The banquet is just over a month out. Come show your support for waterfowl conservation. Thanks guys.


----------



## levi5002 (Sep 26, 2011)

Lots of great gear! Yeti Coolers, Dakota Decoys, RNT, Buck Gardner, Avery GHG, and 6 or more guns. We have a 6 man 3 day snow goose hunt in MO or SD. Too much stuff to list. Pm for tickets and more info!


----------



## levi5002 (Sep 27, 2011)

the good stuff keeps rolling in boys!

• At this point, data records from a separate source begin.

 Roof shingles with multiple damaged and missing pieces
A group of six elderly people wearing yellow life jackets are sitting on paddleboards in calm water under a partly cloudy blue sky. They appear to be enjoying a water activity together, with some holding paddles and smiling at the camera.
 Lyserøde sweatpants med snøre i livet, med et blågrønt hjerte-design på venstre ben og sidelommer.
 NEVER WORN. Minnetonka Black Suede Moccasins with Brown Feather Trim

Costa del mars, more calls, and even some stuff for the wife/girlfriend!


----------



## Burritoboy (Oct 4, 2011)

How is this for a list of goodies going home with folks at our upcoming banquet:

- Just got the confirmation we will have a matched set of the Three new RNT Daisy Cutters
- Fowlfield Calls
- Keith Custom Calls
- Misfire Game Calls
- Hand carved decoy by Matt DeFore
- set of 6 Don Mintz Black Duck Decoys
- Matched Duck & Goose calls from Hawk Run Custom Calls
- Guns, Guns and Guns
- Yeti Coolers
- Costa del Mar
- Dakota Decoys
- Avery GHG
- Steve Reeves with Supreme turkey calls has committed to donate at least 1 hand crafted signed and numbered wood duck call or a hand crafted signed and numbered turkey call
- Snow Goose trip for 6
- More trips coming in soon
- This is all before we add in the package from Delta.
- We also have donations for the ladies in your life with gift certificates from several boutiques around Middle Georgia.

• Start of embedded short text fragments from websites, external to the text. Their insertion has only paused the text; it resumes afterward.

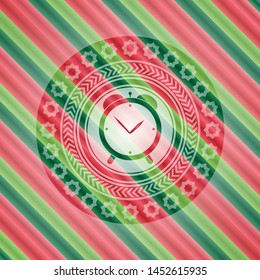 alarm clock icon inside christmas style emblem.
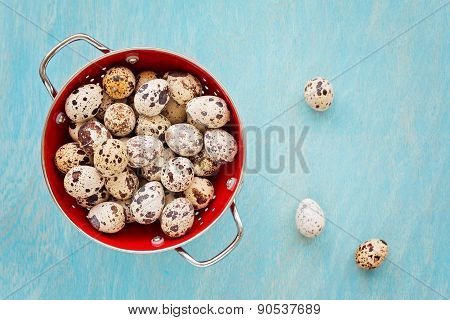 Quail Eggs In Red Collander On A Blue Wooden Background, Top View
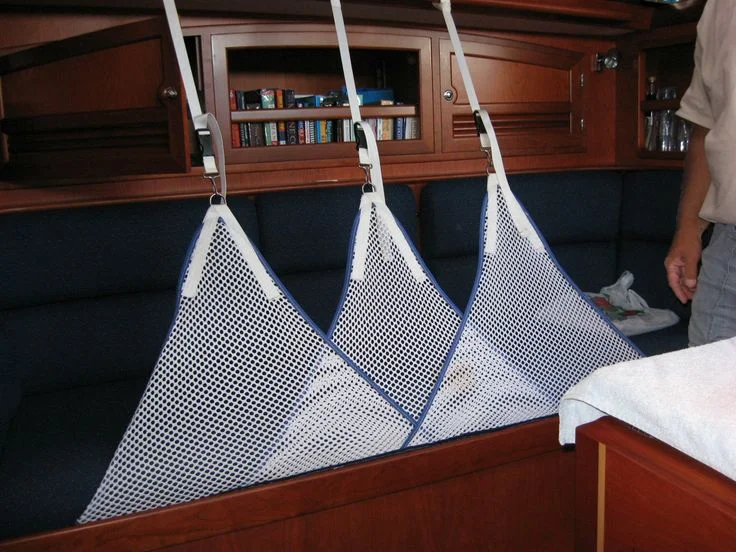 There are many ways to rig satisfactory lee cloths. One only really needs to be long enough to keep the middle of one's body secure. No need for claustrophobic coverage that blocks air flow. It is really quite comfortable for a tired crew member to sleep soundly.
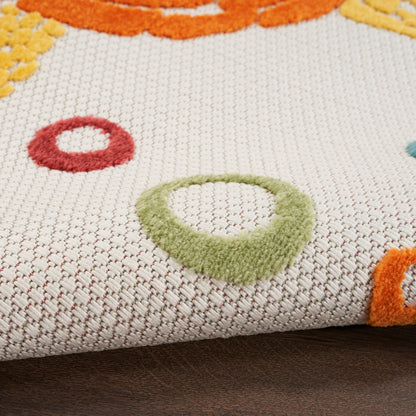 Cream woven area rug with multicolor circular tufted loops in green, red, orange, yellow; folded on wood floor.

We just signed up to get the guy from down around Albany to come up and do an all you can eat Seafood buffet. It will be a night of great prizes, good folks and raising money for the ducks both near and far- it promises to be a great event. Hope you can join us. We planned it on a Saturday night this year so those of you who are a little further out can make it up.

Oh, and we have something in the works for this spring that you will not want to miss hearing about.....


----------



## levi5002 (Oct 5, 2011)

.....


----------



## Hooked On Quack (Oct 6, 2011)

How far is the closest hotel??


----------



## levi5002 (Oct 6, 2011)

about, 2-3 miles


----------



## levi5002 (Oct 6, 2011)

There are a few newer ones on that side of town next to the centerplex.   http://www.marriott.com/hotels/travel/mcnfs-macon-marriott-city-center/


----------



## Burritoboy (Oct 10, 2011)

Add in a pair of custom carved cork decoys from Church decoy company and we also got a pair of Kick's Choke tubes to add to the pot today.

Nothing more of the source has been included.